"On the other side of the screen, it all looks so easy." -- Kevin Flynn, 'Tron'

TV I don't much like Messian then. Huh. Last night's Prom 5 brought his L'Ascension and Et exspecto resurrectionem mortuorum (which sounds like the spell Harry Potter uses to summon Voldemort). We've spoken before about how my tin ears can't work their drums around atonality, and here again though I could intellectually understand what the composer was attempting and I especially liked the specification that there had to be two minutes between movements allowing plenty of time for people to clear their throats, it was mostly a trial. Saint-Saens Symphony No 3 was predictably my musical highlight for the evening, with the organ and pianos dueling like the two banjos in the film Deliverance.

The camera work was pretty impressive during the BBC Four broadcast of L'Ascension, which has to be the longest live continual broadcast of an organ solo outside of Christmas. It began with a long, slow zoom in from the outer edge of the hall to the organist's box which actually must be the longest shot that has appeared on television in quite some time. A man sitting at an organ is it seems even less televisual than a piano solo, but this still managed to be a visual feast due to the director's willingness to show off the architecture of the pipes, organist Olivier Latry's fingering and the acoustic adjusters in the ceiling.

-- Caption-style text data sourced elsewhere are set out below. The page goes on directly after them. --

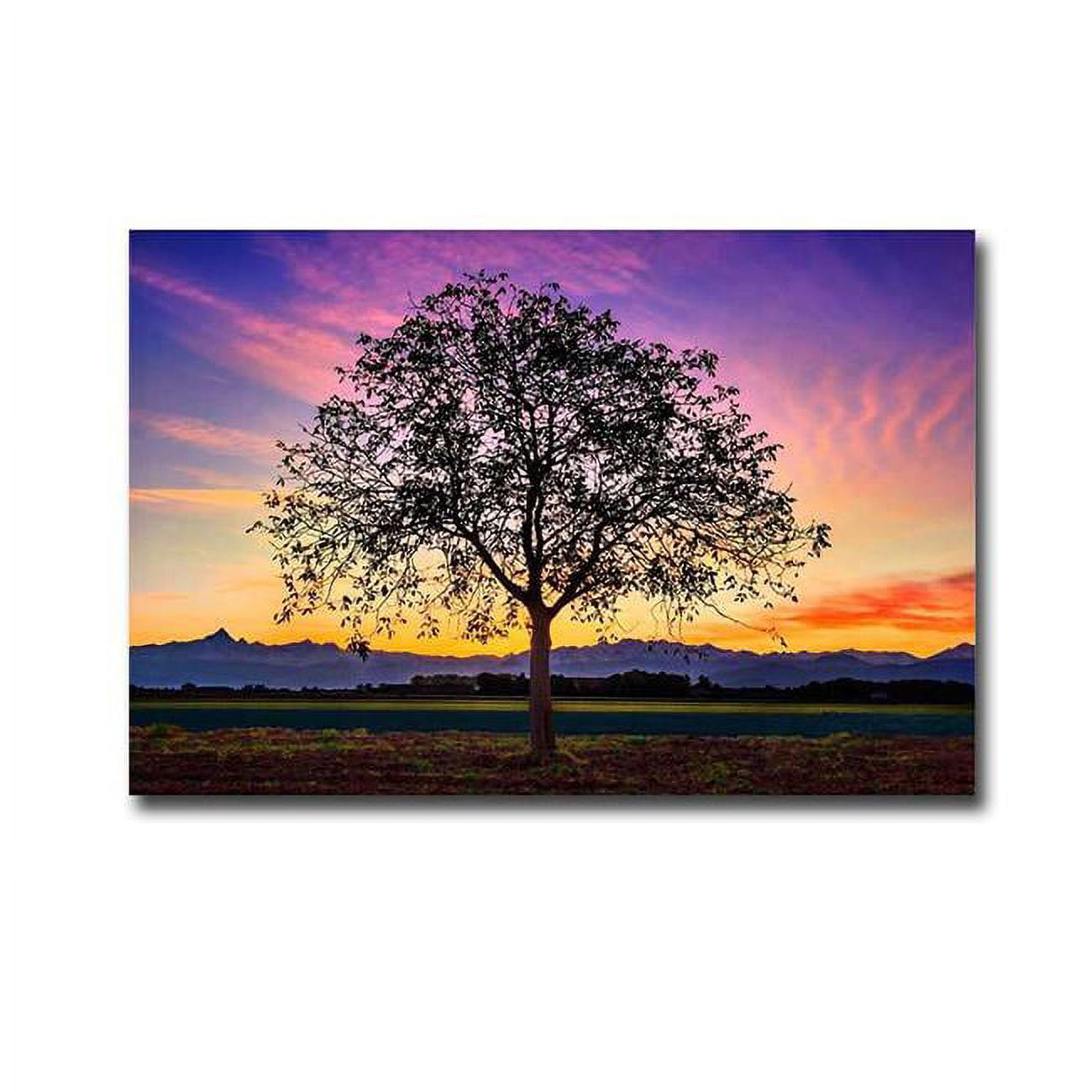 Tree of Life by De Faveri Premium Gallery-Wrapped Canvas Giclee Art - 16 x 24 x 1.5 in.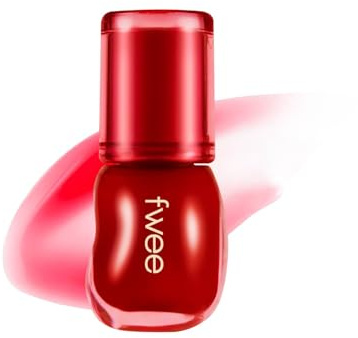 fwee 3D Voluming Gloss 30% (Sheer) | Aengdu 30% l High Shine, Non-Sticky Lip Gloss for Makeup | Long-Lasting, Moisturizing Gel Formula | 30%, 70% Pigment Options | 5.3g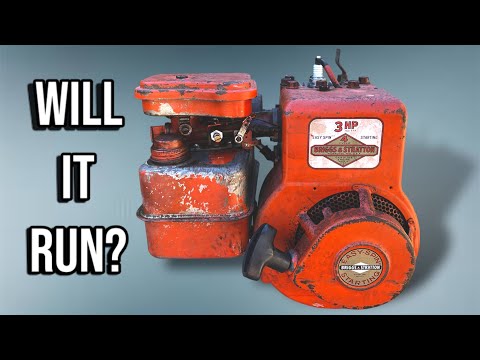 VINTAGE BRIGGS & STRATTON  - CAN WE SAVE IT?
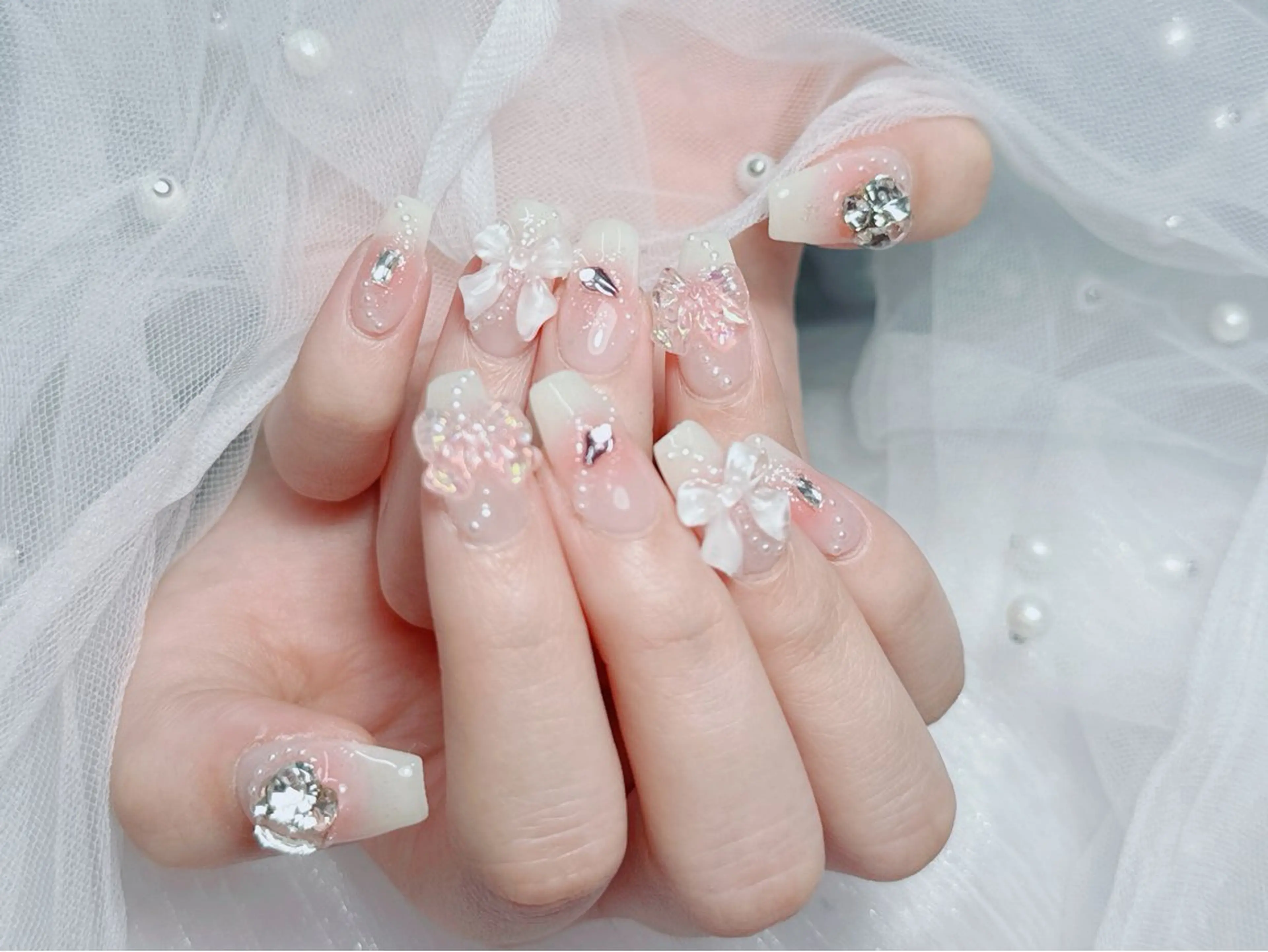 ネイル ハンドネイル ハンドケア Pretty nailのネイルデザイン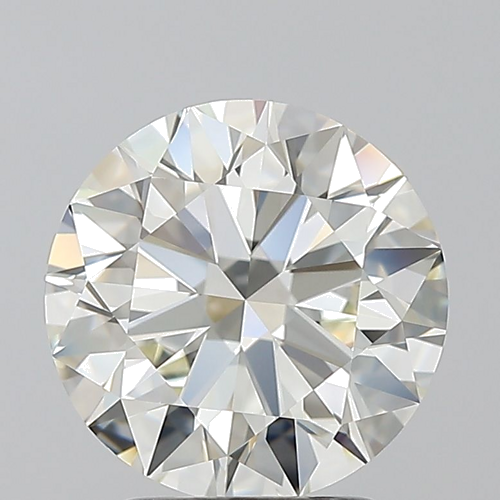 2.5 carat K-VVS1 Excellent cut Natūralus Round Deimantas (1)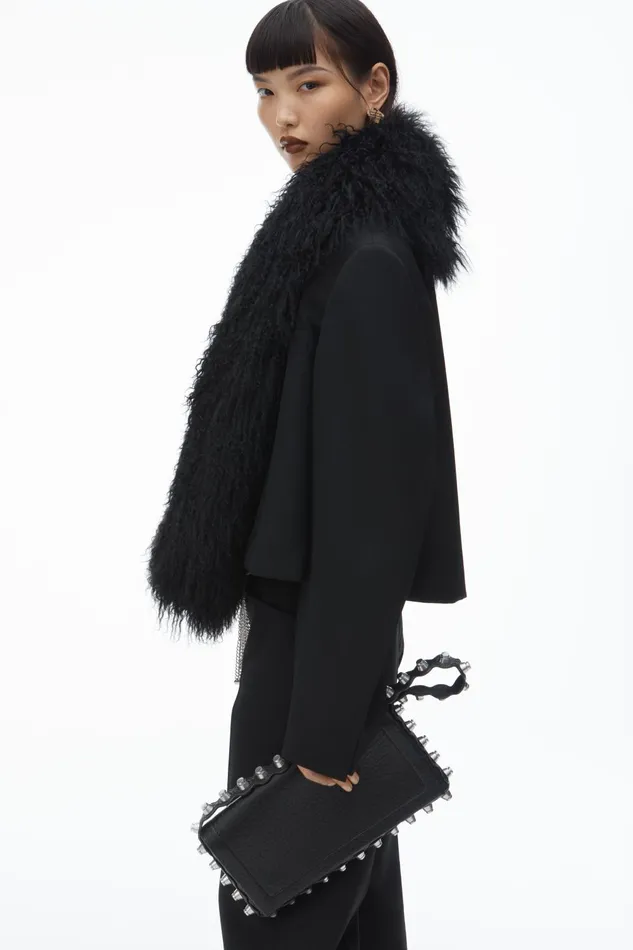 Alexander Wang Bags Roz Shoulder Bag In Lambskin Leather 8211 Women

Back on the balcony (the studio's only to be utilised on BBC Two, thank goodness) Charles Hazlewood was refereeing a passive aggressive battle to be heard between his experts, composer Stevie Wishart and Gillian Moore (from the South Bank Art Centre). The routine would go something like this: Hazlewood asked Moore a question about Messian or whoever, which Moore answered in detail and at great depth, then Hazlewood turned to Wishart who attempted to offer more background but somewhere in the middle of sentence would be interrupted by Moore who then talked in some more in detail and at great depth. Wishart would be suitably perturbed and take to looking into the auditorium, at the sky, everywhere in fact but Hazlewood or Moore. This happened a few times, and throughout I was willing Wishart to interrupt back but to no avail. And the one moment when Wishart was allowed to get into a flow -- on Saint-Saens, Moore continued by repeating almost everything she'd already said. They did seem to be getting on by the climax though.

During the interval: Zeb Soames completed the introduction to an interview with conductor Myung-Whun Chung and Latry only to turn and discover them in heated conversation in French. Just at it seemed that Soames had attracted their attention, Chung began to sing. Soames allowed this to carry on for what seemed like an eternity (but was in truth probably only seconds) before stepping forward and interrupting. Chung and Latry looked at him in much the same way as two businessman striking a deal at a lunch meeting in a restaurant might after a waiter's approached them mid flow to ask them if they'd like to order desert. Soames well redeemed himself later though by offering a useful potted history of the Royal Albert's organ and working in a Tron reference -- the instrument appears on the cult film's soundtrack.